Activity.
Reproduce the listing below word for word, with no pictures.

Source material.
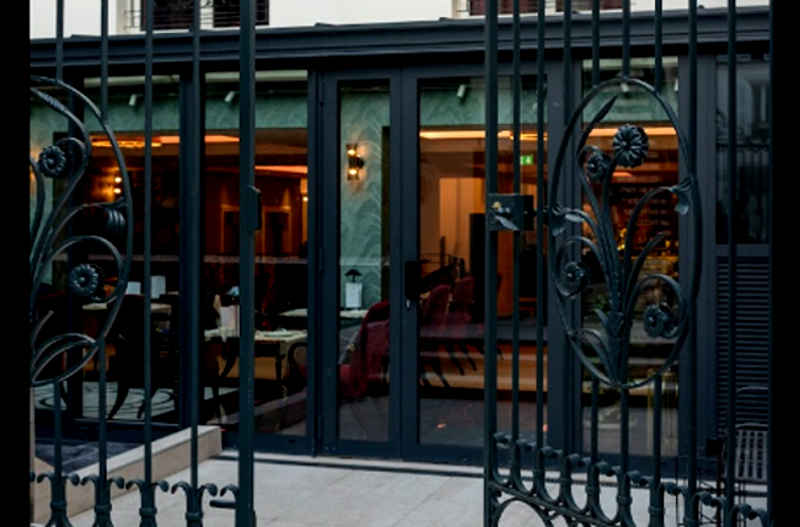 Restaurant jadore à Paris
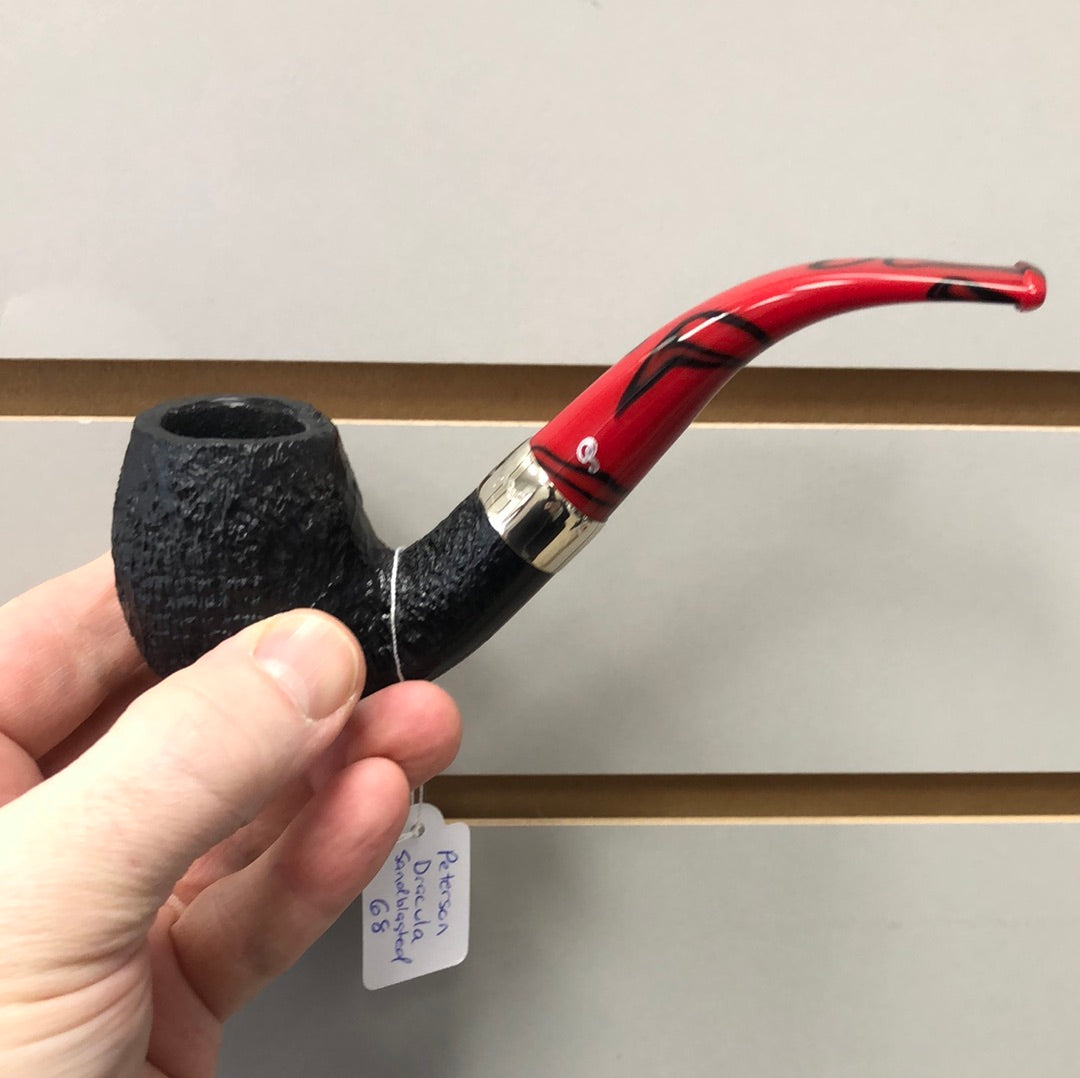 Pipe - Peterson Dracula Sandblasted 68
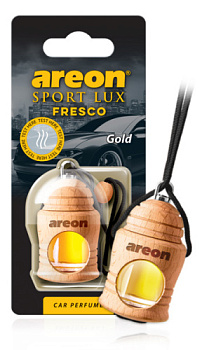 Ароматизатор Areon FRESCO SPORT LUX Gold 704-051-L01
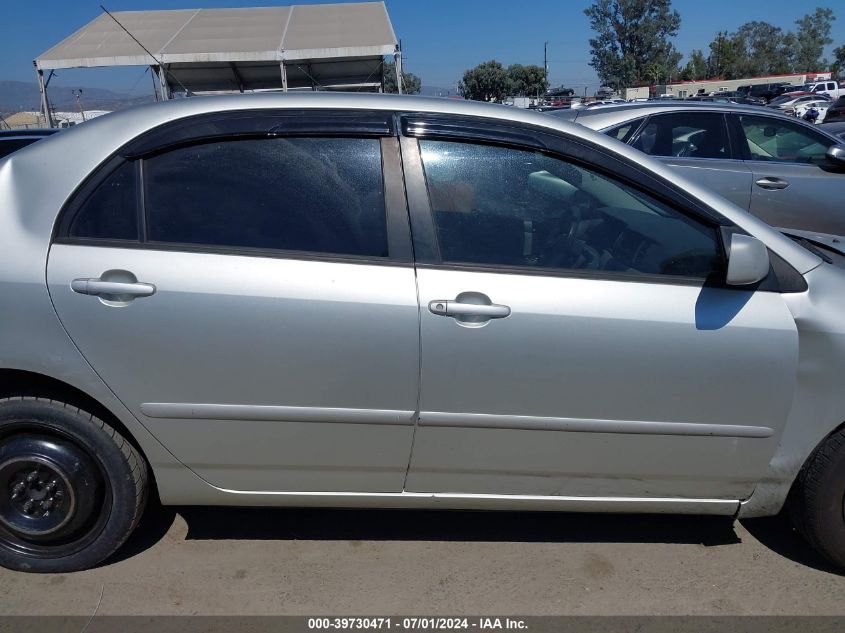 2004 Toyota Corolla Le VIN: JTDBR32E942035137 Lot: 39730471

Solved exercise.
 Restaurant jadore à Paris
 Pipe - Peterson Dracula Sandblasted 68
 Ароматизатор Areon FRESCO SPORT LUX Gold 704-051-L01
 2004 Toyota Corolla Le VIN: JTDBR32E942035137 Lot: 39730471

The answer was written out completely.